Fix in local_starter.dart:_ensureStarterWorkspace: when signed out, only consult _localCourses for the "do we already have an Inbox?" check. If _localCourses doesn't have one, seed a fresh local Inbox via _seedStarterInboxAlongsideExisting so the sidebar is never empty for signed-out users.

When signed in, the original logic stands — a cached cloud Inbox is authoritative because it'll be in _allCategories via the spread.

3. Casdoor config-probe failures now log a debug-log breadcrumb

The probe in each app's _loadInitialData was wrapped in catch (_) { /* shadow mode or transient */ }. That was great for shadow-mode setups (where /auth/casdoor/config/ returns {configured: false} as a 200 response — no exception, no log), but it silently masked stale-deploy bugs. Specifically: the production deploy at notechondria.trance-0.com reported version: "0.0.0" and 404'd on /auth/casdoor/config/, so the SSO pill never appeared and the user had no UI breadcrumb to diagnose why.

editor_app, planner_app, and portal_app now log a WARNING line shaped per AGENTS.md §1.7:

"Casdoor SSO surface unavailable: <App>.Auth/casdoor.config.probe — <cause>."

The <App> prefix comes from the per-app canonical module list in docs/AGENTS.md. Shadow-mode setups (where the probe returns 200 with configured: false) still don't log — only actual exceptions.

Verification

  • python manage.py check → System check identified no issues (0 silenced).
  • flutter analyze from notechondria_shared, editor_app, planner_app, portal_app → zero new errors / warnings.
  • Local handshake smoke test reports the live commit + version, not 0.0.0.

Operator runbook (after this round deploys)

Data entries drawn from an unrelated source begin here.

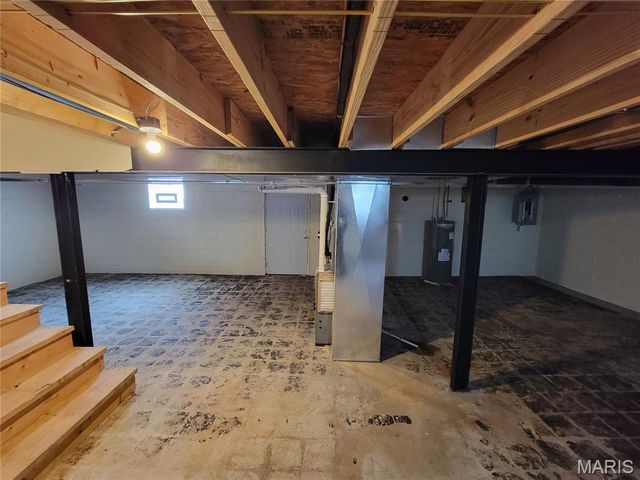 222 S Barat Avenue, Ferguson, MO 63135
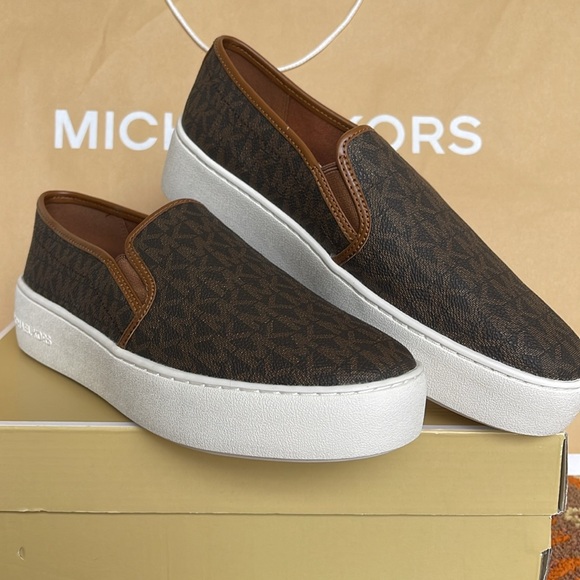 Michael Kors TEDDI SLIP ON
MK SIGNATURE SM
49FOTDFP3B
Platforms - Sneakers - Picture 5 of 16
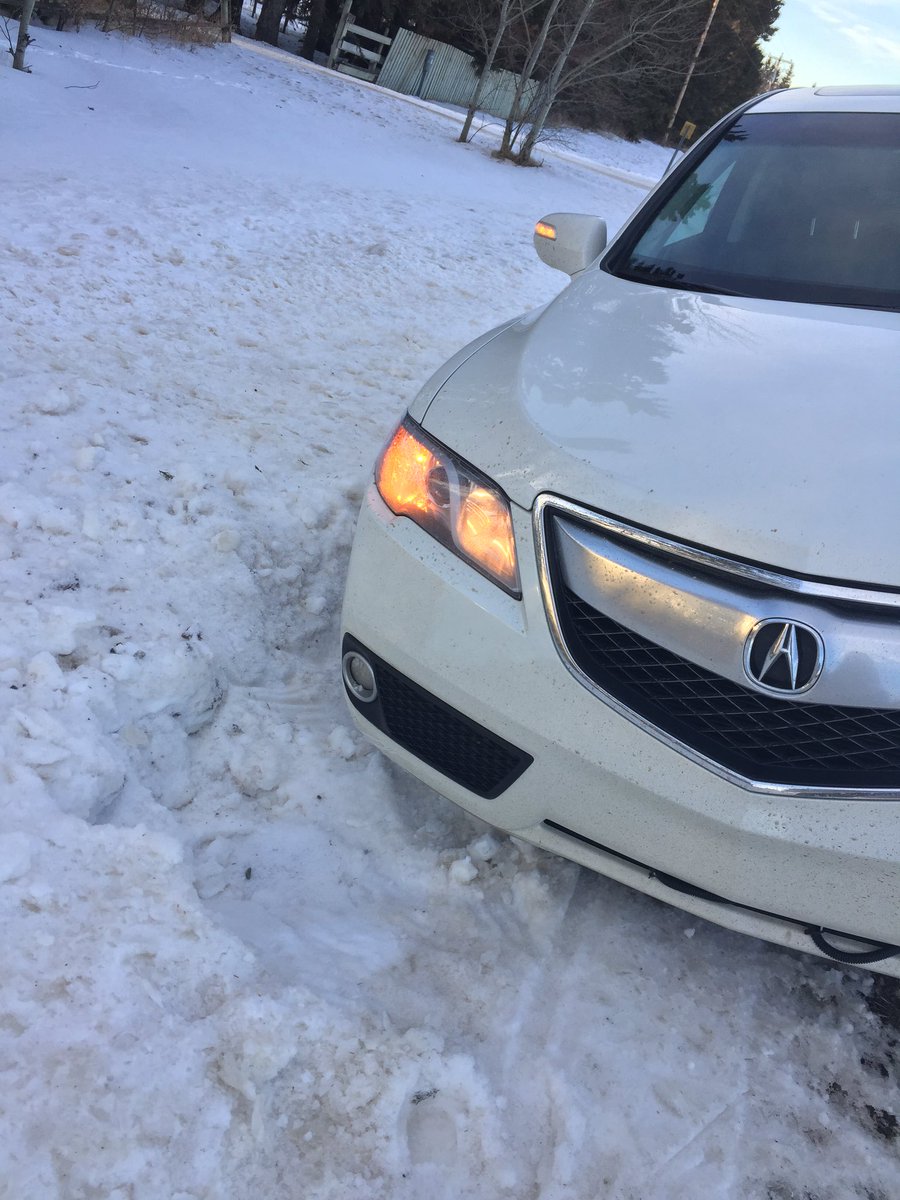 TrinaLeigh77's tweet image. I would like to thank the 3 guys in Inglis, MB who pulled me out with their tow rope &amp;amp; F150. 🤦🏻‍♀️ #notmyweek #shouldhavestayedhome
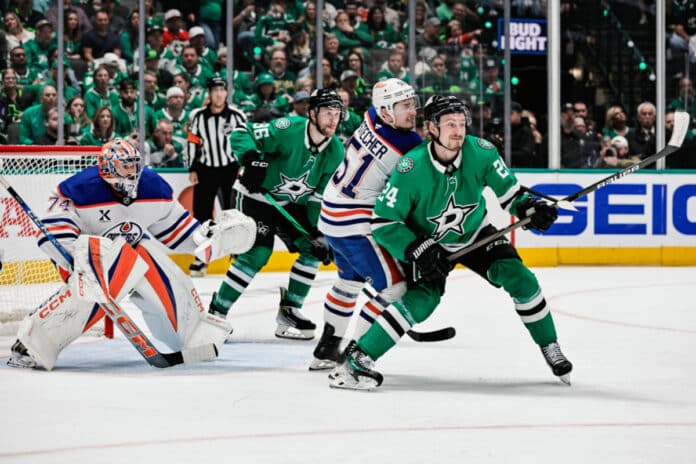 1692505231760_edm_at_dal(1) Pete DeBoer Gives Roope Hintz Injury Update After Stars' Game 3 Loss vs Oilers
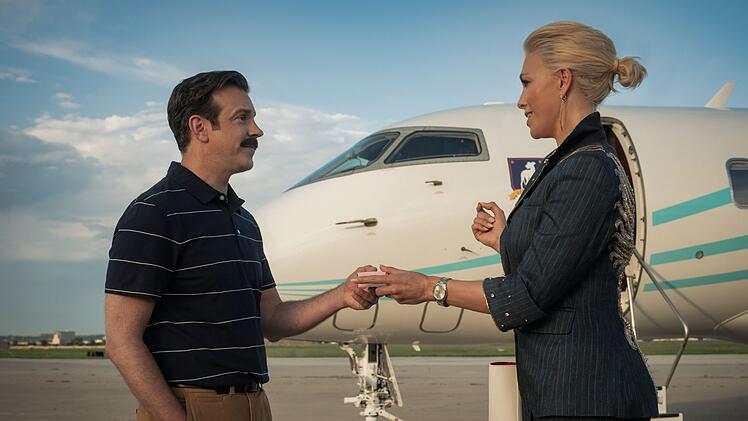 Apple schickt den sympathischen Fu&szlig;ball-Coach Ted Lasso zur&uuml;ck auf die Trainerbank. In den neuen Folgen erwartet Ted (Jason Sudeikis) zur&uuml;ck in Richmond nicht nur Boss Rebecca (Hannah Waddingham). Obendrein soll er dem neu gegr&uuml;ndeten Frauenteam Beine machen.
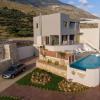 Отель Mountainside Villa With Private Pool and Kids Playground Walk to Restaurant, фото 20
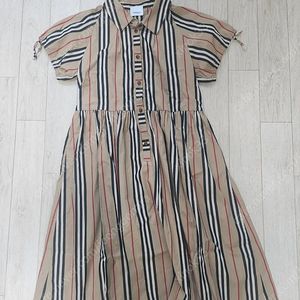 정품.조세핀.1회착) 14y(성인55가능). 버버리키즈 원피스 택포27만원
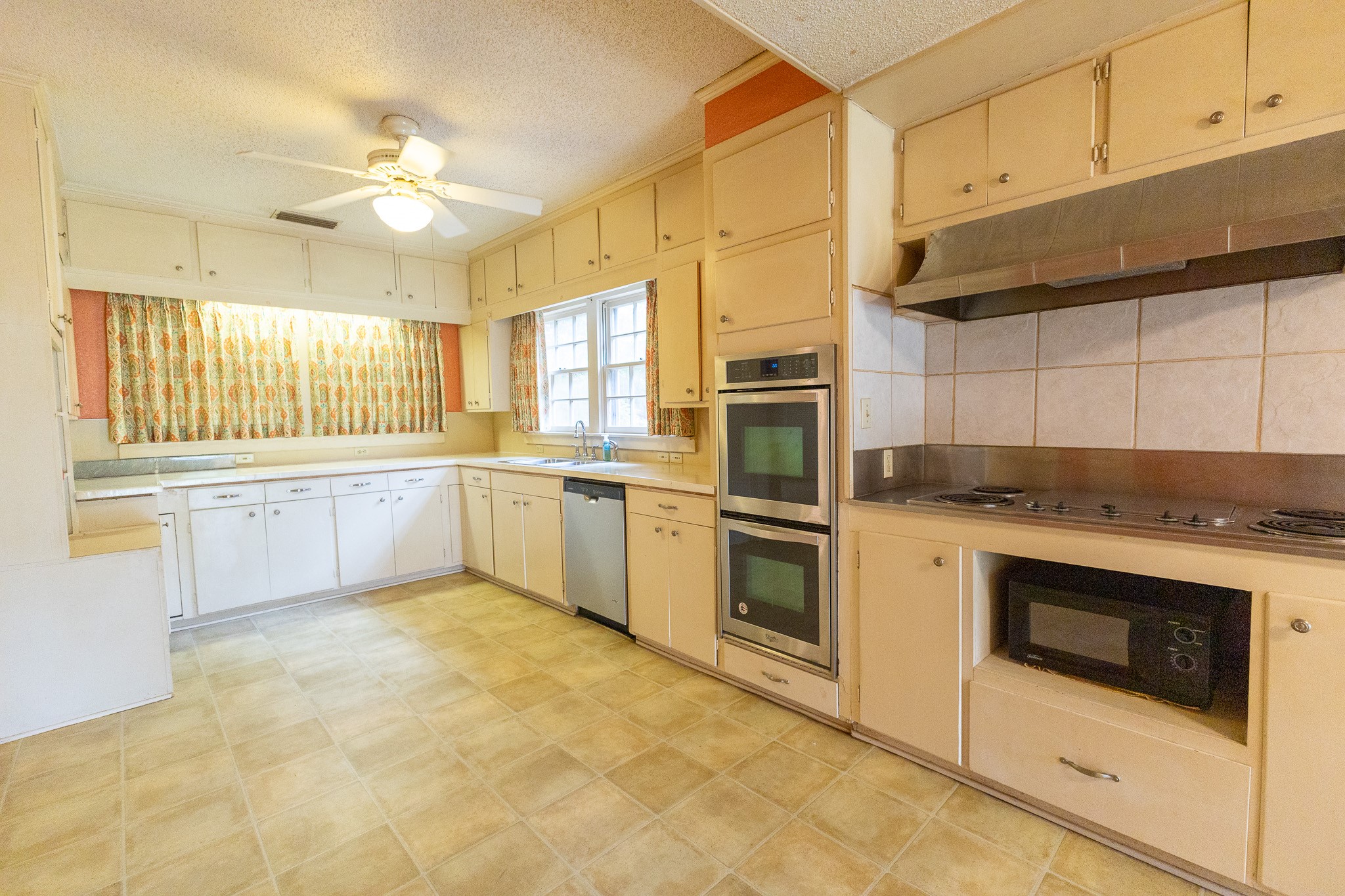 1001 W Walnut Street Coleman TX 76834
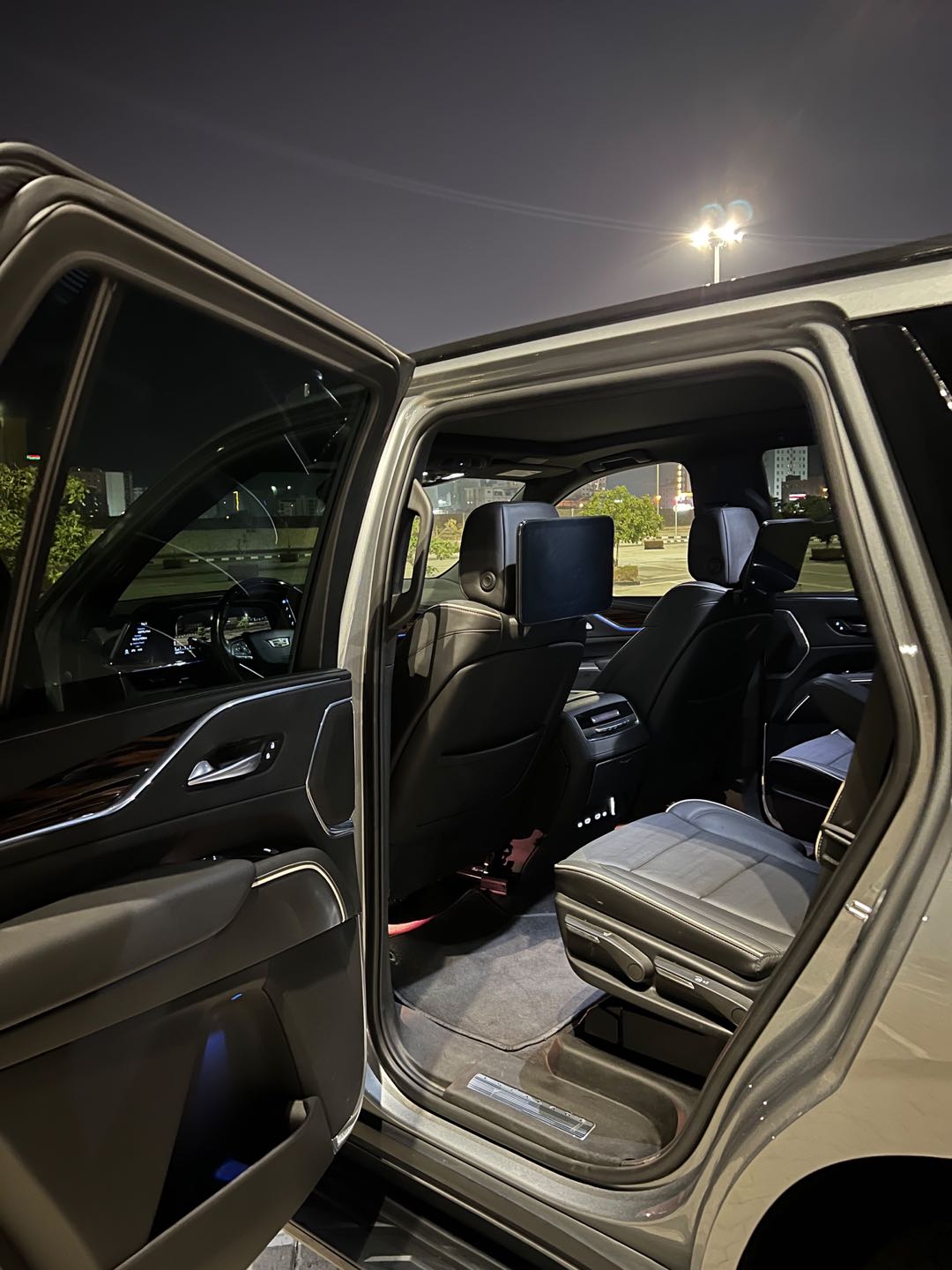 Car Image 2023 CADILLAC ESCALADE 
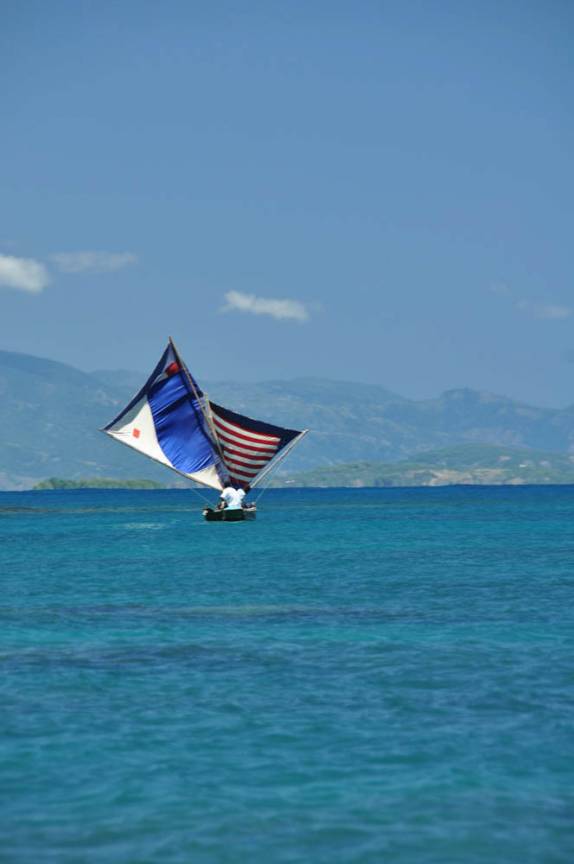 Uma simpática jangada nos mares de Labadee, na costa norte do Haiti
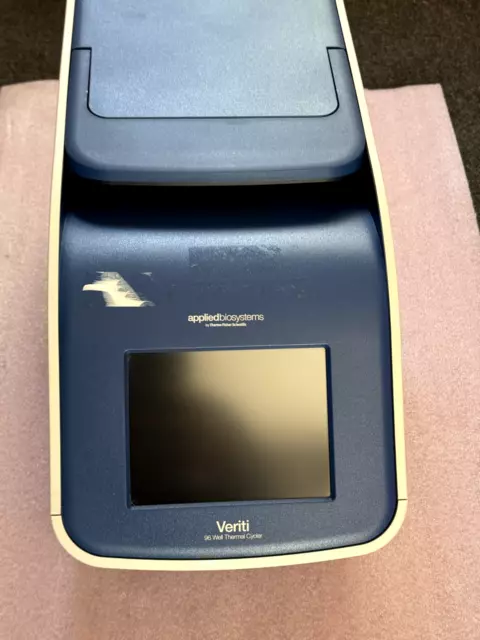 Applied Biosystems Veriti 96-Well Fast Thermal Cycler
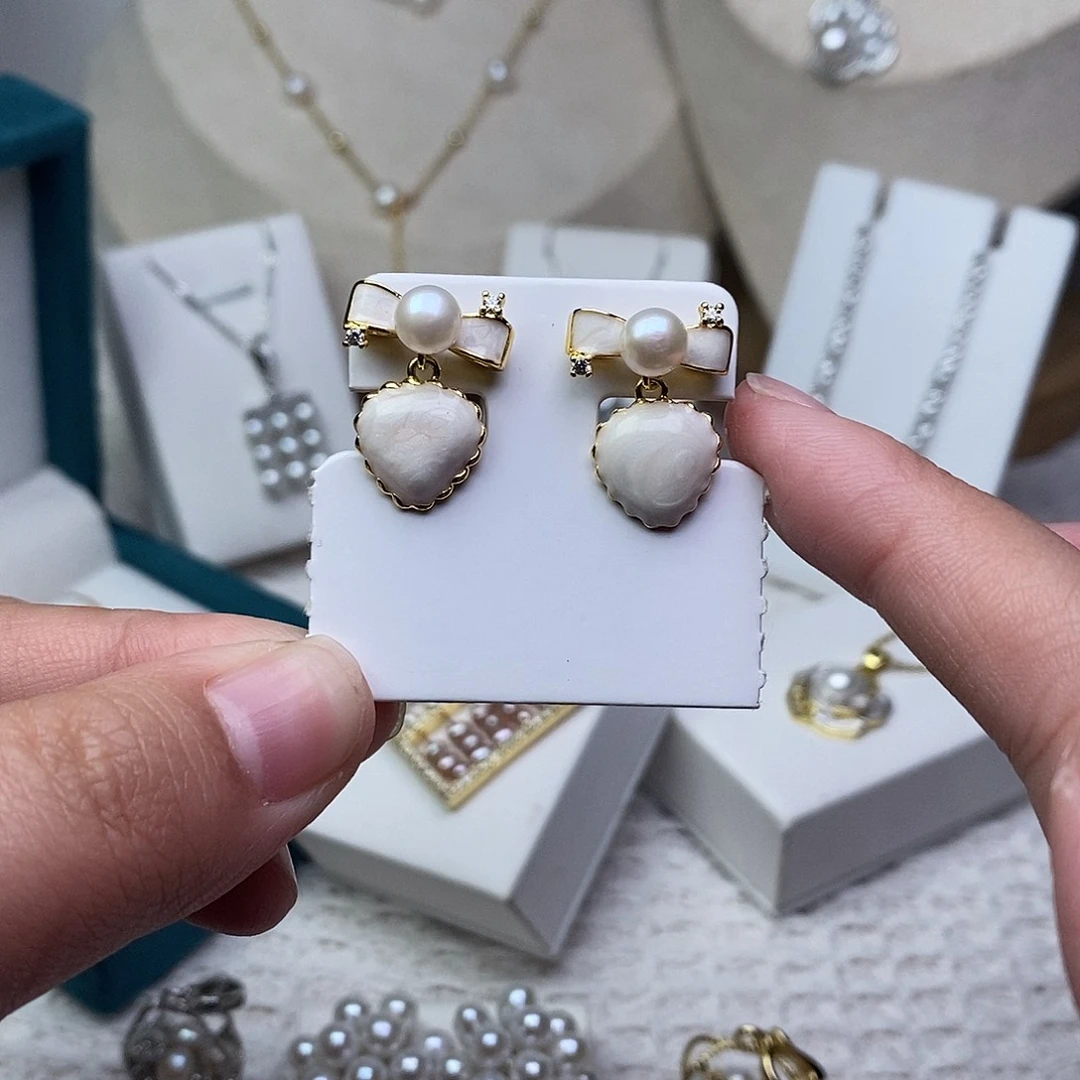 淡水珍珠银S925镶嵌耳饰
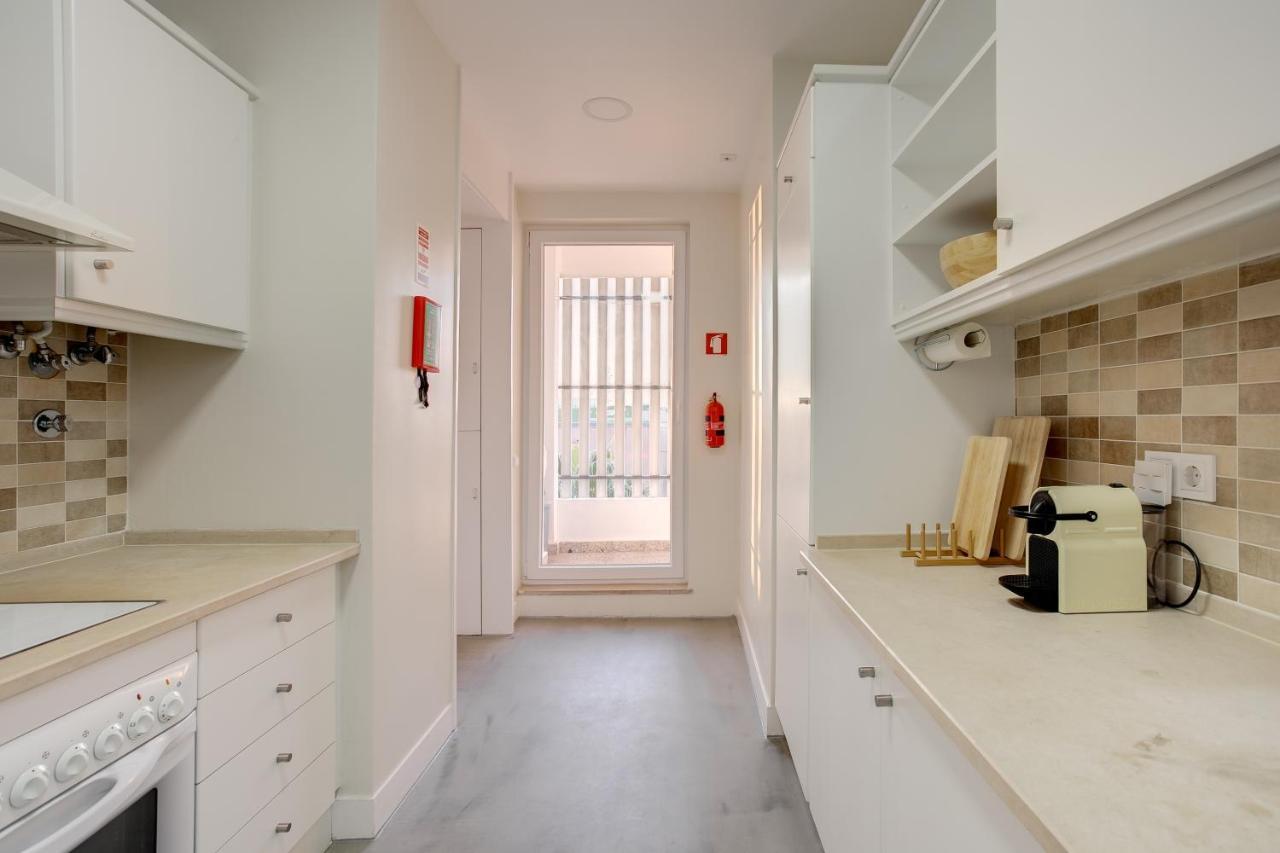 Apartment Amazing Tailor Made Penthouse By The #1 Oeiras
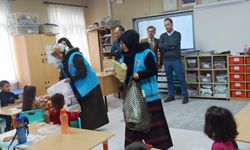 Polatlı’da "İlmek İlmek İyilik" kapsamında okullara ziyaret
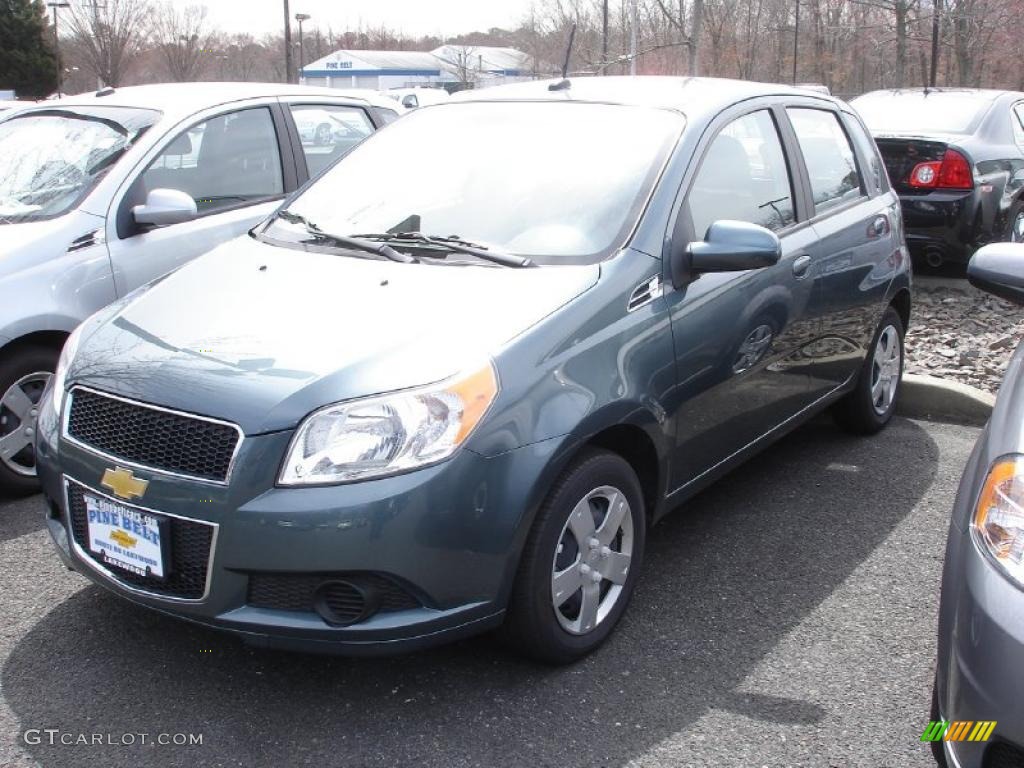 2010 Aveo Aveo5 LT - Wintergreen / Charcoal photo #1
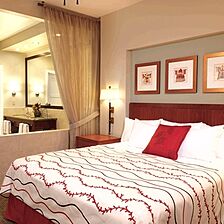Hilton Grand Vacations Club (HGVC) at Waikoloa Beach Resort — Hilton Grand Vacations Club (HGVC) at Waikoloa Beach Resort Bedroom
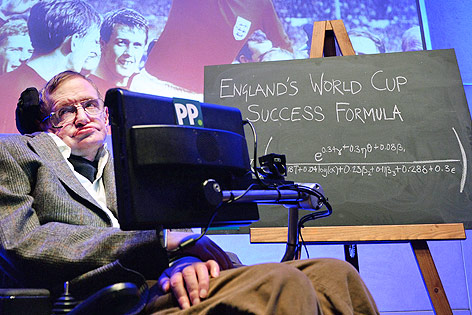 © APA/EPA/Andy Rain Stephen Hawking neben einer Tafel mit Formel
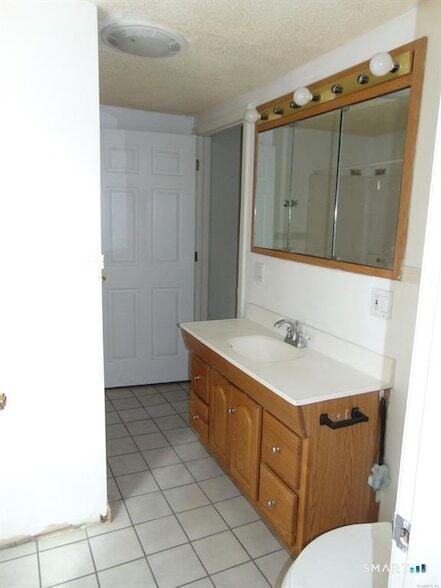 Building Photo - 446 Fall Mountain Rd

  1. Trigger a Northflank rebuild of the backend service. The build step picks up NORTHFLANK_GIT_COMMIT automatically via the updated northflank.json buildArguments block.
  2. Hit https://notechondria.trance-0.com/api/v1/handshake/ and confirm:
    • version matches the latest committed VERSION file.
    • build.commit is the SHA of the deployed branch.
    • build.build_time is the image build timestamp (UTC ISO).
    • build.deploy_target is "northflank".
  3. Hit https://notechondria.trance-0.com/api/v1/auth/casdoor/config/ and confirm it's no longer 404. Should return {configured: true, endpoint, client_id, organization, application, signin_url} (assuming CASDOOR_* env vars are populated on the service).
  4. Open any frontend signed out — confirm the Casdoor SSO pill, "Login via third party" outlined button, and "No account? Sign up via Casdoor" link all render. The UI debug log no longer hides probe failures.
  5. Cold-boot the editor signed out — confirm the Inbox row appears in the sidebar Categories section regardless of whether the cached _courses (cloud) has an Inbox from a prior session.

Carryover

  • User-migration to Casdoor still pending — the migrate_users_to_casdoor command exists (since 0.1.101) but hasn't been run against production. See the operator notes the agent left in chat for the access constraints.
  • The dead RegistrationWizard / EmailCodeDialog / PasswordResetDialog widgets and the per-app _SettingsPage callback fields are still around as carryover from 0.1.103.